La palabra en la arenga política
No sólo la palabra es el sonido cuya oralidad invita a prestar atención a una acción capaz de inducir reacciones y emociones humanas. También, expresa el sentido e intención de quien la pronuncia.
La palabra constituye la unidad primaria del lenguaje. Por consiguiente, resulta obvio calificar la palabra como la unidad lingüística dotada de algún significado cuyo alcance es objeto propio de la diversidad conceptual que le confiere la singularidad del lugar o de la disciplina a la que entrega la exclusividad de lo que ilustra en términos del uso asignado.
Limitaciones de la palabra
En el alboroto que su particularidad exalta, la palabra es limitada en cuanto a la importancia que envuelve su significado. O su sonido. De ahí que la intención bajo la cual se utiliza cada palabra, reduce o amplía el marco de sus efectos.
Por ejemplo, para un invidente de nacimiento, las dificultades para describir con la palabra (denominación) la correspondiente al color de un objeto, es imposible.
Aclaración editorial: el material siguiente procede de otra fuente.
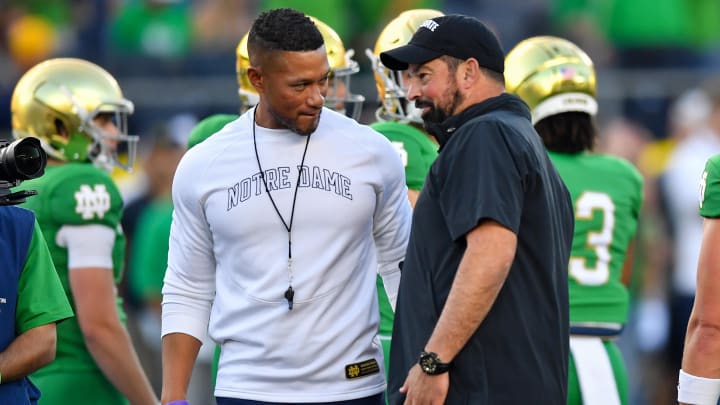 Sep 23, 2023; South Bend, Indiana, USA; Notre Dame Fighting Irish head coach Marcus Freeman and Ohio State Buckeyes head coach Ryan Day chat before the game at Notre Dame Stadium. Mandatory Credit: Matt Cashore-USA TODAY Sports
A menos que haya desarrollado la extraña capacidad de percibir el calor que emite cada color, para asegurarlo.
Lo acá dilucidado, sin duda, permite advertir la especificidad que detenta la palabra. En consecuencia, puede imputarse la limitación que la caracteriza. Habida cuenta, el caso arriba aludido. Quizás, por ello, la lingüística habla de palabras cuyo significado es único, a diferencia de otra para la cual, su significado admite varias acepciones. No obstante, hay palabras que pueden dividirse en segmentos reducidos a fin de hallar en los mismos, otros significados. De esa manera, proyectan nuevos fragmentos que actúan como elementos funcionales de otra expresión.
La palabra riñe con la política
El ejercicio de la política, particularmente su praxis vulgarizada bastante empleada en situaciones de discordia o desencuentros entre facciones rivales, contraría las reglas de la lingüística. Lo cual ocurre cuando la política desenfunda derivaciones de palabras “cultas” incitando un palabreo eufemístico que abre espacio a interpretaciones incultas. O relacionadas con la insolencia u obscenidad.
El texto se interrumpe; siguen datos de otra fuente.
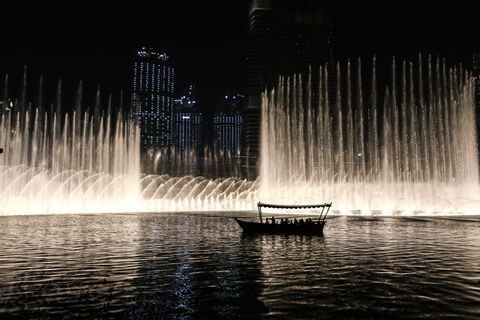 Majestic Night View of Dubai Fountain with Illuminated Cityscape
El lenguaje político se caracteriza por transitar de la propensión a la derivación. Eso es abusar de la disposición y sentido de la palabra, hasta convertirla en otra de dura pegada dialéctica. Pero con la tenacidad suficiente para ofender o insultar. Es ahí, cuando el discurso político busca arrogarse la fuerza semántica para disfrazar la autenticidad de la palabra emitida con la intención de atropellar. Sin que pueda hacerse uso del derecho necesario para contrarrestar el ultraje proferido.
En conclusión
No hay duda de que las palabras están llenas de arte. Inclusive, de indecencia. Y aún cuando la indecencia puede golpear más que la palabra culta, esta es capaz de disuadir cualquier revuelta o baraúnda que pueda armarse. O el caso de quien en política presume de opiniones que sólo reflejan vaciedad. O sea, quienes hablan sandeces que en el fondo no precisan nada.
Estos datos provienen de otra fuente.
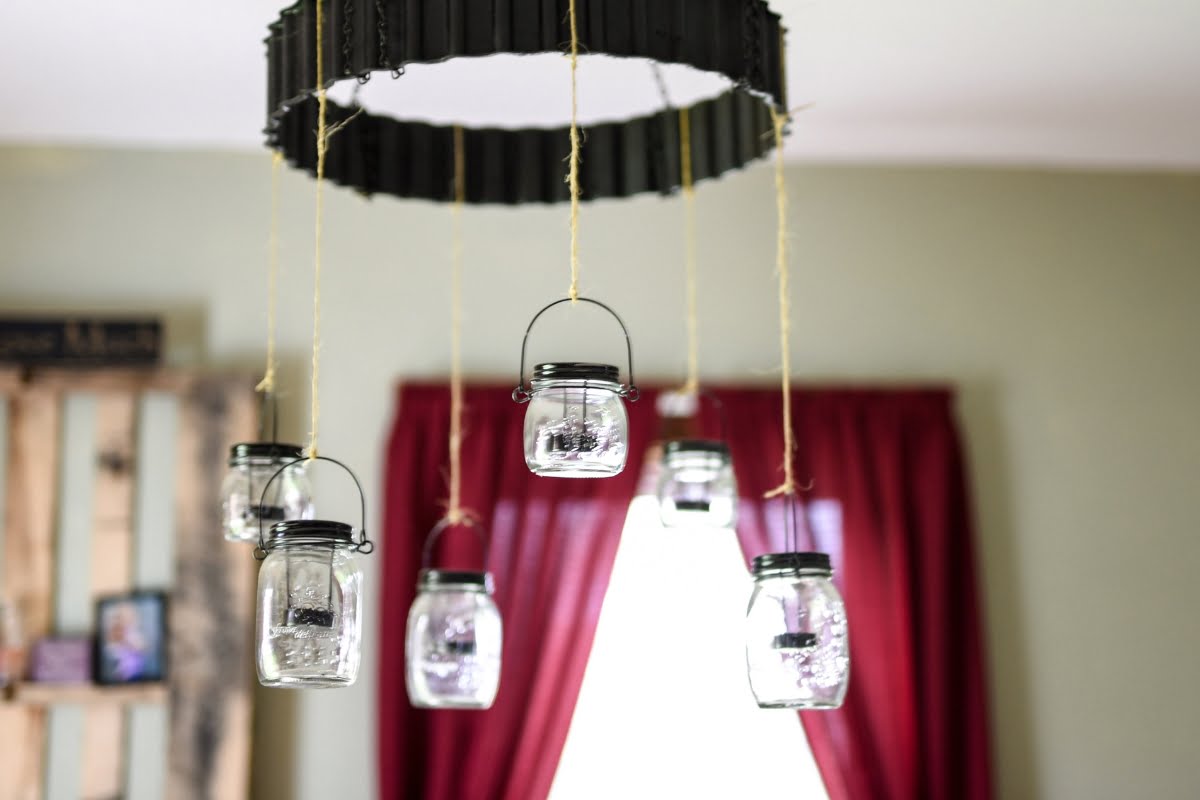 A group of small glass jars from a chandelier for living room lighting ideas.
El problema de la palabrería política, es serio. El empleo de esquemas retóricos, auxilia repetidas veces la alocución de discursos o declaraciones que, en lo exacto, están vacías de argumentos fidedignos. Del otro lado de tales conjuros de huecas presunciones, está aquel oyente quien por miedo, sometido por su complejo de indocumentado intelectual o carente de conocimientos políticos, asienta cual obediente subalterno, cualquier “pronunciamiento sin contenido alguno”. Pero que, en el estruendo de la arenga política, lo asume y aplaude.
Basta con el manejo de algunos elementos volátiles de desvergonzado impacto, para que cualquier politiquero de oficio o de ensayo, se arrogue la engañosa capacidad de “dirigente político” para pronunciar cuanto discurso puede seducirlo. Pero que al final, no dice nada. Es uno de los problemas que potencia la palabra en la arenga política.